The test substance was evaluated for its ability to induce forward mutations at the hypoxanthine-guanine phosphoribosyl transferase (HPRT) locus (hprt) of Chinese hamster ovary (CHO) cells, in the presence and absence of an exogenous metabolic activation system (S9), as assayed by colony growth in the presence of 6-thioguanine (TG resistance, TGr) in accordance with OECD Guideline 476. The concentrations chosen for the definitive mutagenicity assay were 42.6, 85.1, 170, 341 and 681 μg/mL with and without S9. A statistically significant increase in mutant frequency, as compared to the concurrent vehicle control, was observed at a concentration of 85.1 μg/mL without S9 (p < 0.01).
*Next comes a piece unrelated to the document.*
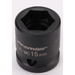 Sealey 1/2"dr low profile impact socket 15mm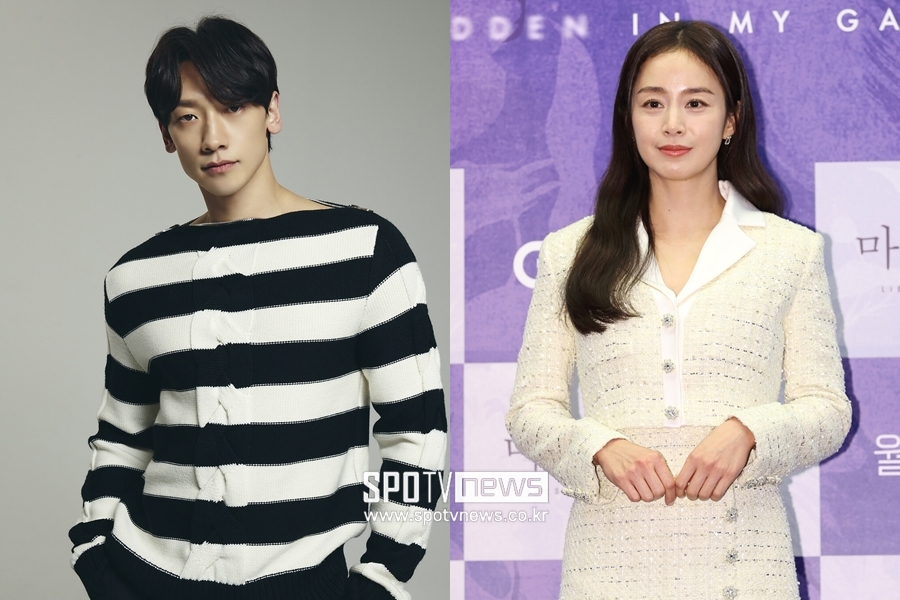 ▲ 비(왼쪽), 김태희 부부.   ⓒ곽혜미 기자, 써브라임 제공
However, this increase was not dose-dependent, the mutant frequency for the vehicle control was on the lower end of the 95% control limit and the average mutant frequency at this test substance concentration was within the 95% control limit. Therefore, this increase was not biologically significant and considered spurious. No statistically significant or biologically relevant increases in mutant frequency, as compared to the concurrent vehicle controls, were observed at the remaining concentrations evaluated with or without S9 (p > 0.01). It was concluded that the test substance was negative in this in vitro test.

Justification for classification or non-classification

The test substance was negative for mutagenicity and clastogenicity in vitro in bacterial and mammalian cells, when tested in studies conducted according to OECD guidelines. The substance does not need to be classified for mutagenicity according to EU Classification, Labelling and Packaging of Substances and Mixtures (CLP) Regulation (EC) No. 1272/2008.